2.SOUND QUALITY-Sound quality and clarity is definitely better.You will hear some instruments which were previously not so clear to hear.But please do not expect dramatic improvements.Using lossless formats will give you much better experience.

3.COMFORTABLENESS-These earphones are the very comfortable.They will cover your whole ear and give a really nice feel but you have give 5-6 try before finding the best fit.Sammy was nothing less than pathetic in terms of comfortableness and believe me if you listen to songs for long time then the design of m6 will be one to chose coz it goes over the ear and gives you a stable feel while moving or running even.Even just the comfortableness factor can make your "PAISA VASOOL"

4.BUILD QUALITY-Though it looks like chinese the build quality is good.Rather using rubberised soft material a hard material is used in wire which is good

5.CONCLUSION-Dont expect a huge improvement in sound quality over your previous stock headphone "if" you have a good one but the design standalone make it a good buy.

This is my first ever review of any gadget and i am a noob in sound knowledge so please pardon for any mistakes and the points given  was on my experience.You can buy this earphone from mediahome.in for 1200 bucks and the same seller has an eaby store where it is sold for around 1400 bucks.


----------



## ssb1551 (Jul 2, 2011)

^^Right now I've Sennheiser CX 180. So if I go for M6 will there be a noticeable improvement??


----------



## sourabh9agrawal (Jul 2, 2011)

Maybe not.You should ask who have tried both of them.


----------



## teejay_geekEd (Jul 2, 2011)

which color did you buy?
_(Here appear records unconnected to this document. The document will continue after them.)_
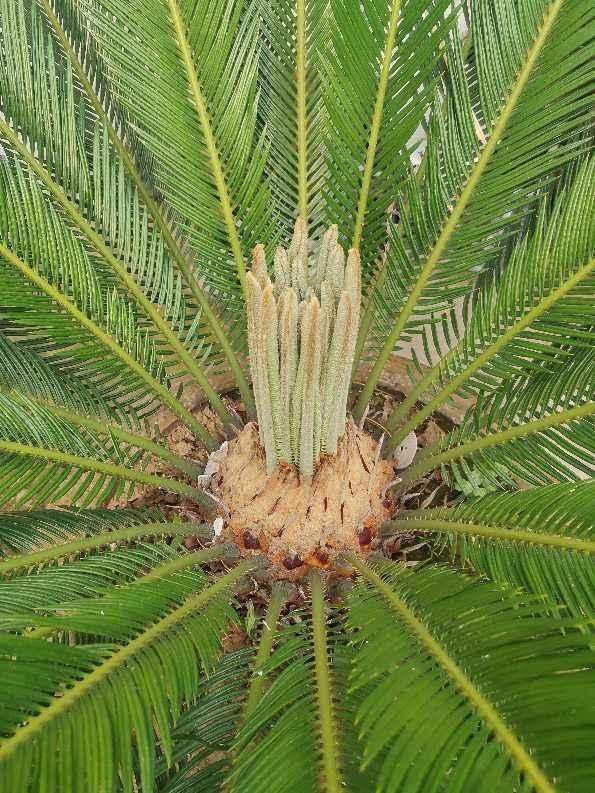 杜鹃花|能活几十年的花，家里养一盆，还能作传家宝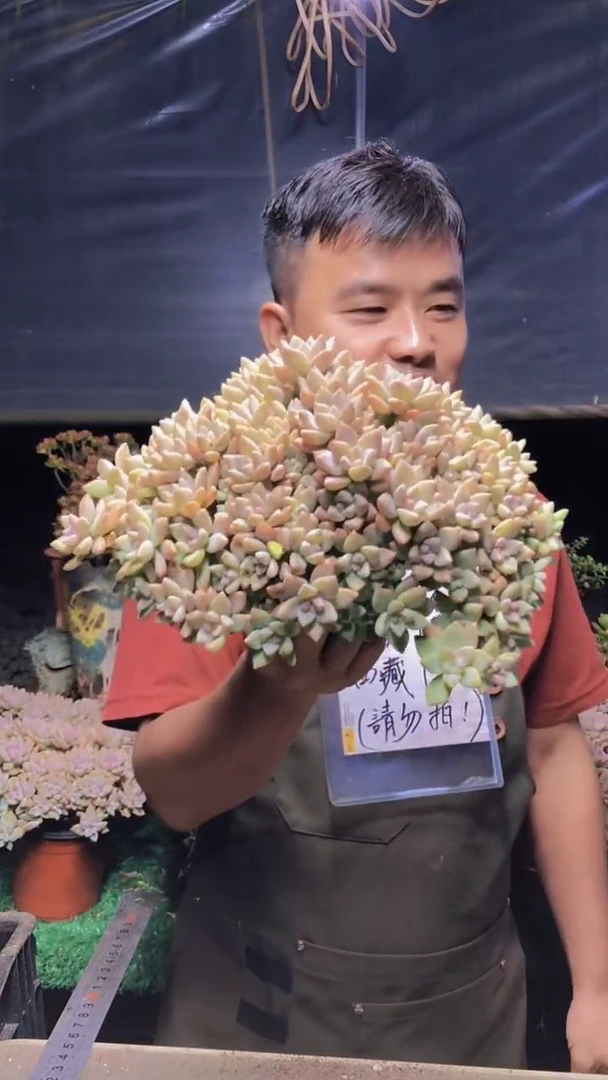 213淡雪缀化一物一拍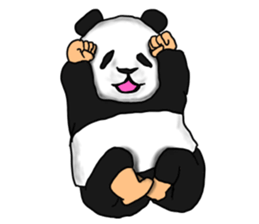 Sticker of a convenient panda sticker #15551294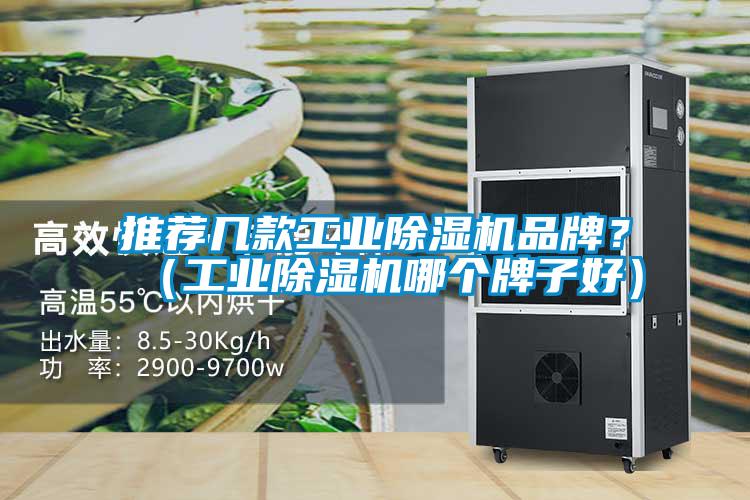 推薦幾款工業除濕機品牌？（工業除濕機哪個牌子好）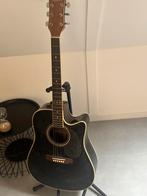 Akoestische gitaar (semi), merk segovia, 1 snaar los, Muziek en Instrumenten, Snaarinstrumenten | Gitaren | Akoestisch, Ophalen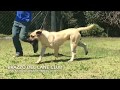 Brazzo del Cane Club - Jovem Dogo Canário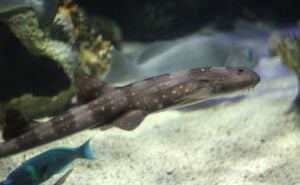Whitespotted Bamboo Shark Header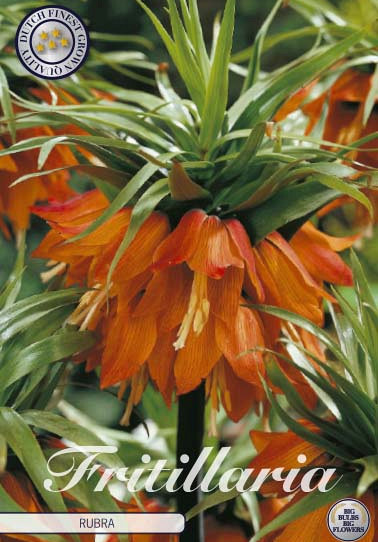 Fritillaria Imp. Rubra x1 24/26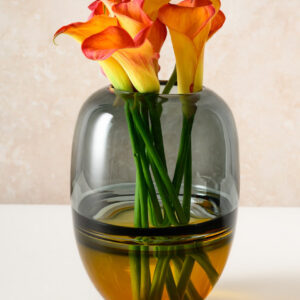 8in Tall Dual Tone Amber and Smoke Statement Glass Vase
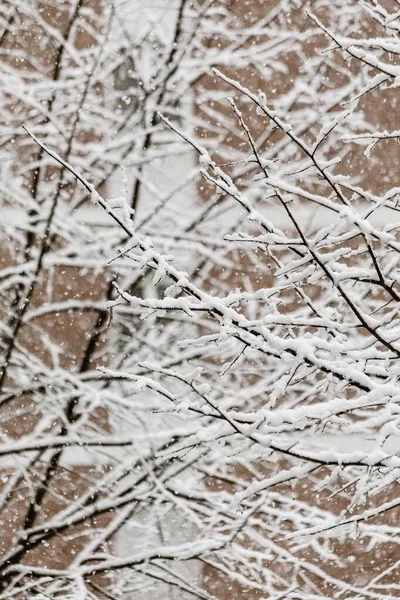 Vertikal närbild skott av vackra snöflingor faller på bara träd grenar — Stockfoto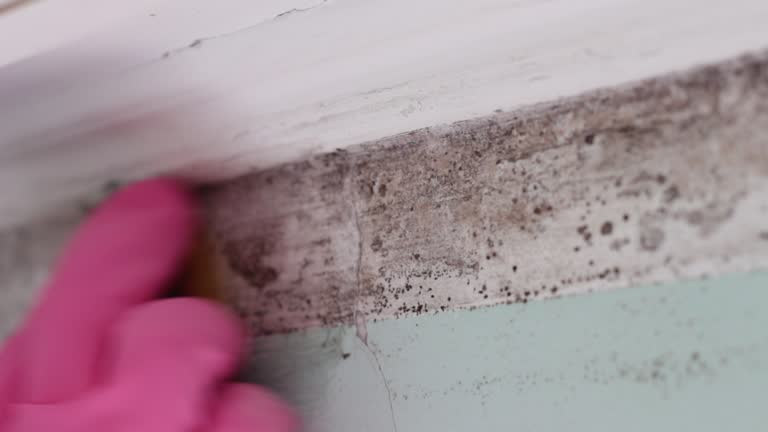 Best Water Damage & Mold Remediation  in Vine Grove, KY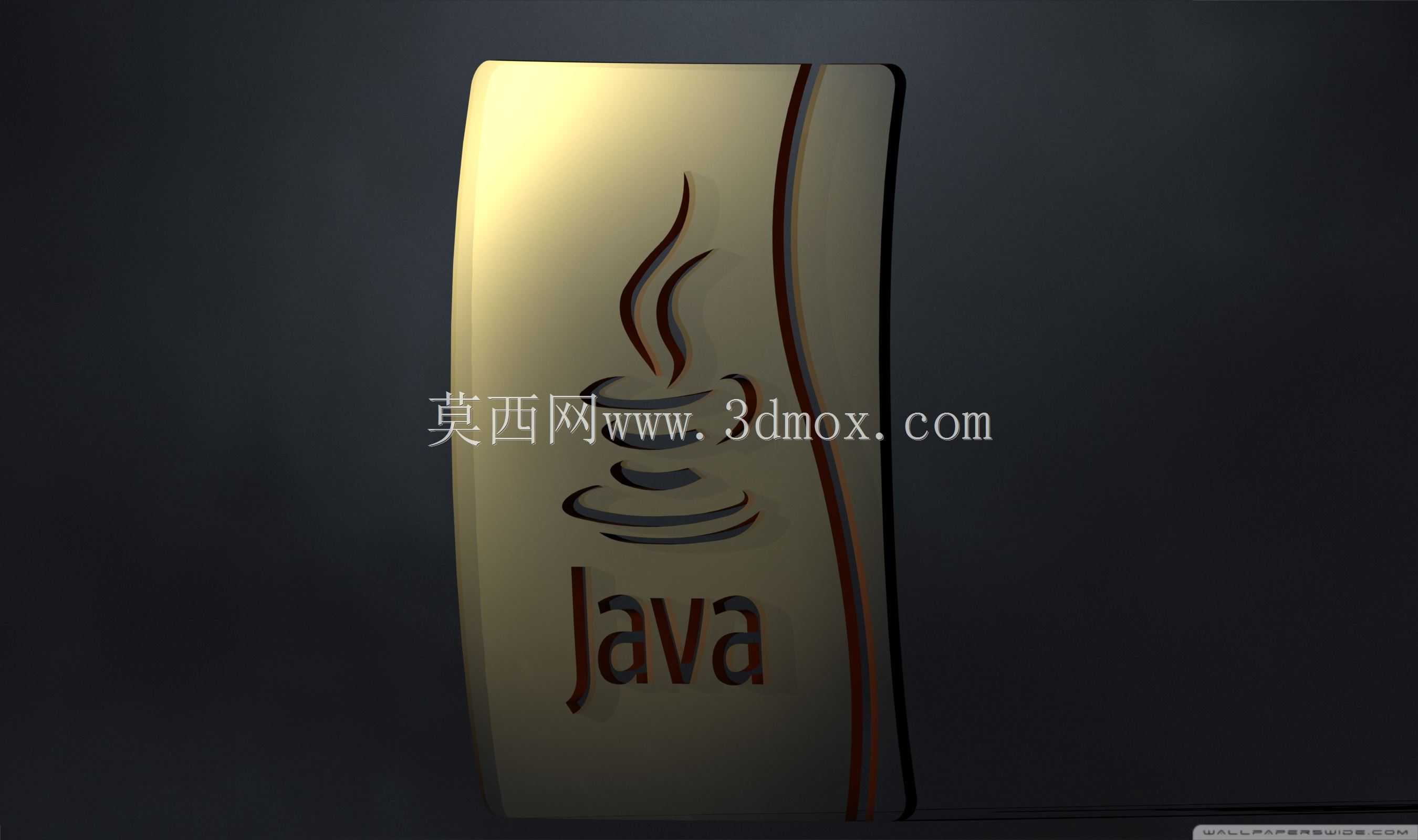 JAVA�ձ�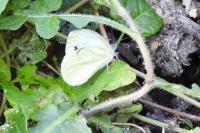 Pieris napi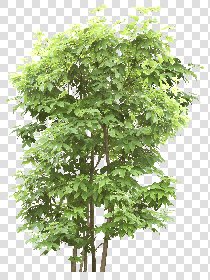 CUT OUT TREES PACKAGE 5 00034 - 8 - cut out tree pack 5 px 2257x3000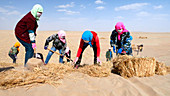 Desertification prevention,China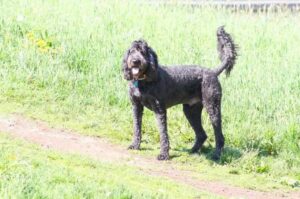 Большой лабрадудль черного окраса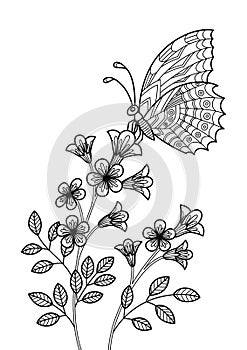 Butterfly on the flower anti-tress doodle coloring book page for adult. Zentangle insect black and white illustration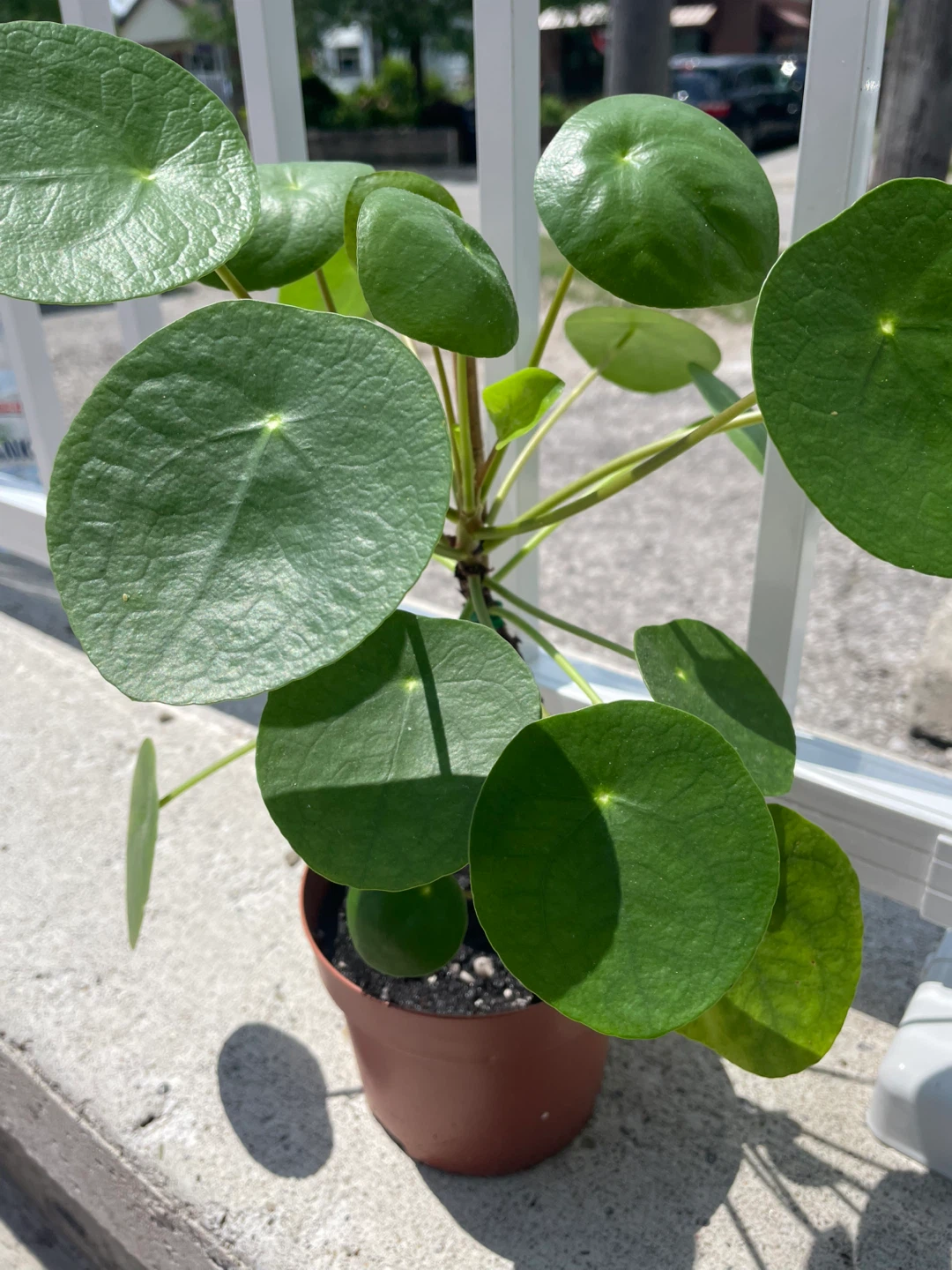 Pilea Peperomioides Plant (Chinese Money Plant) ⚽️ - photo 2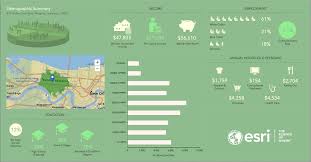 Arcgis Apps On Twitter Create Stunning Infographics With Businessanalyst To Visualize Key Indicators In Graphical Reports Here S How Https T Co Oruswcarck Https T Co Qir9xhezyz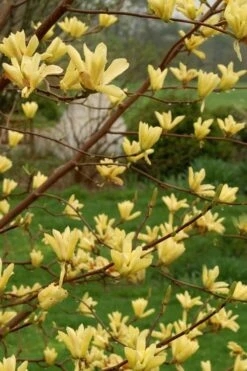 Butterflies Yellow Magnolia (Tulip Tree) - 3 Gallon Pot 11 Butterflies Yellow Magnolia (Tulip Tree) - 3 Gallon Pot -Garden Plants magnolia butterflies yellow tulip tree 8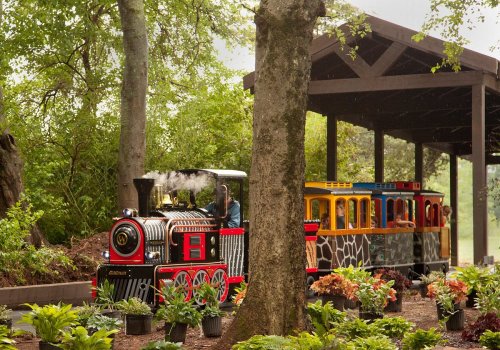 A colorful miniature train with steam, surrounded by lush greenery and plants, under a wooden shelter.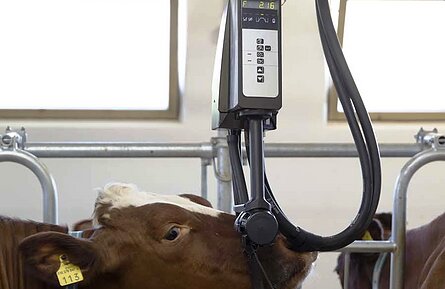 Melksysteme von DeLaval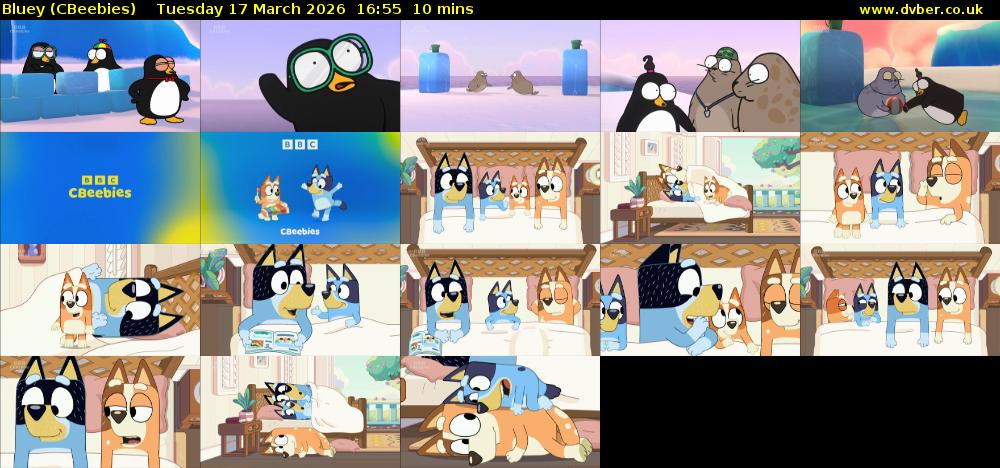 Bluey (CBeebies) Tuesday 17 March 2026 16:55 - 17:05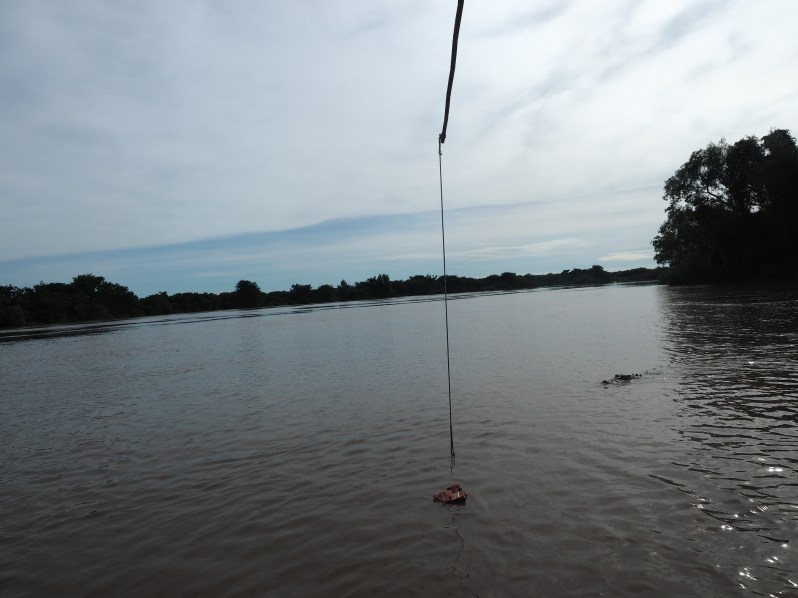 adelaide-river-crocodile-darwin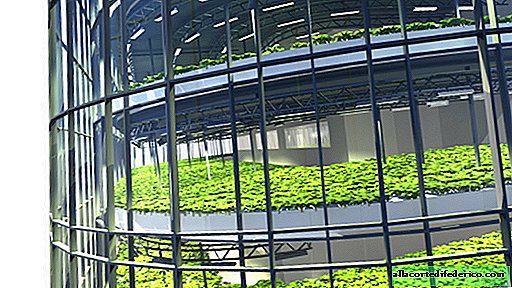Vertical farms - the future of urban greenhouses
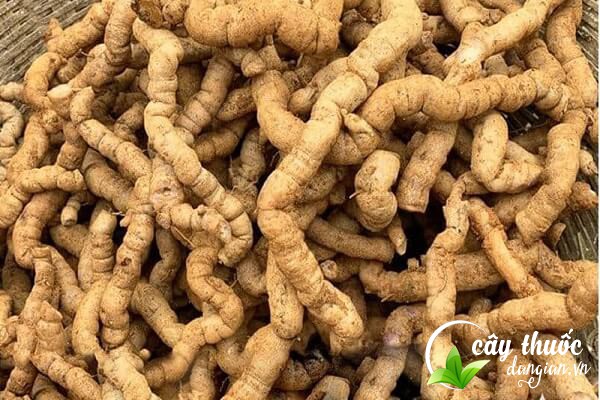 Củ ba kích còn có tên gọi khác như ba kích thiên, ruột gà, nhàu thuốc,... thường dùng để ngâm rượu.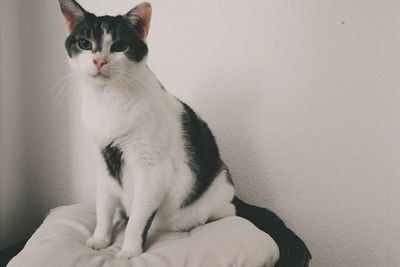 Portrait of cat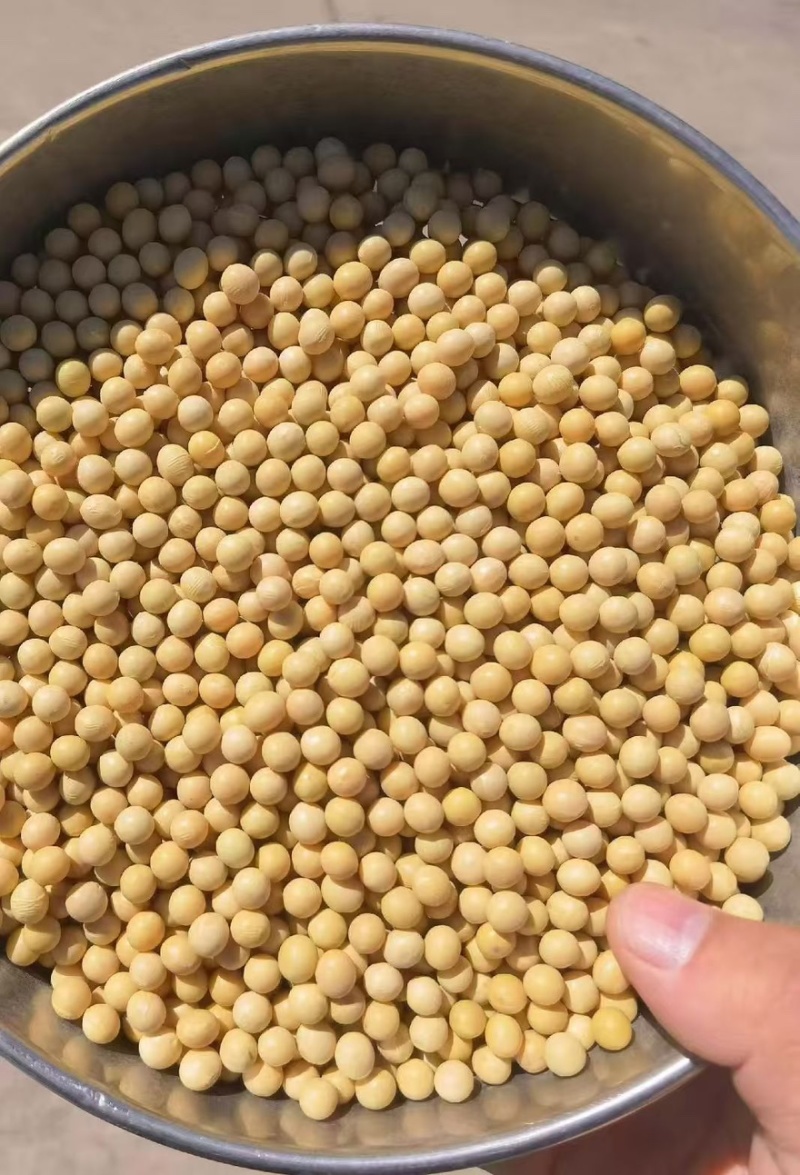 黑龙江黄豆，大豆基地直发量大从优全国发货价格实惠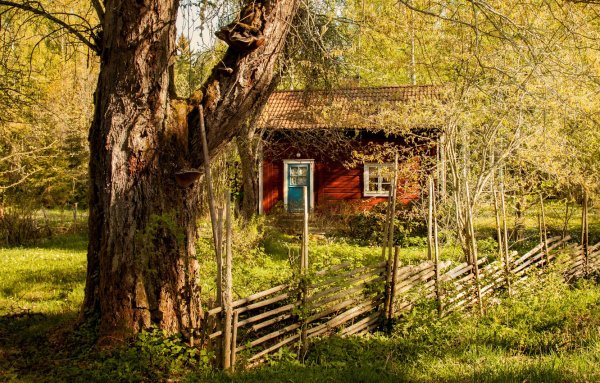 Деревянный дом в лесу летом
I like the transparent one as it looks like a custom iem (the ones that scare your wallet  )


----------



## sourabh9agrawal (Jul 2, 2011)

Black


----------



## teejay_geekEd (Jul 2, 2011)

ohh . The black one looks cheap ,but the transparent one is awesome. koi ni.


----------



## sourabh9agrawal (Jul 3, 2011)

How was the review???


----------



## teejay_geekEd (Jul 3, 2011)

Well, it was nice  short and simple and you put forth your views in a nice manner.
I couldnt compare my friend's M6 side by side with the iems of his samsung galaxy SL. 
I however did compare between mine and his sammy (as you say it), and found out the the bass on the sammy wasn't comparable to mine, and you would find this observation with yours too. 
Try listening to Erase me by kid cudi and listen to it on both. I'm sure you'll appreciate


----------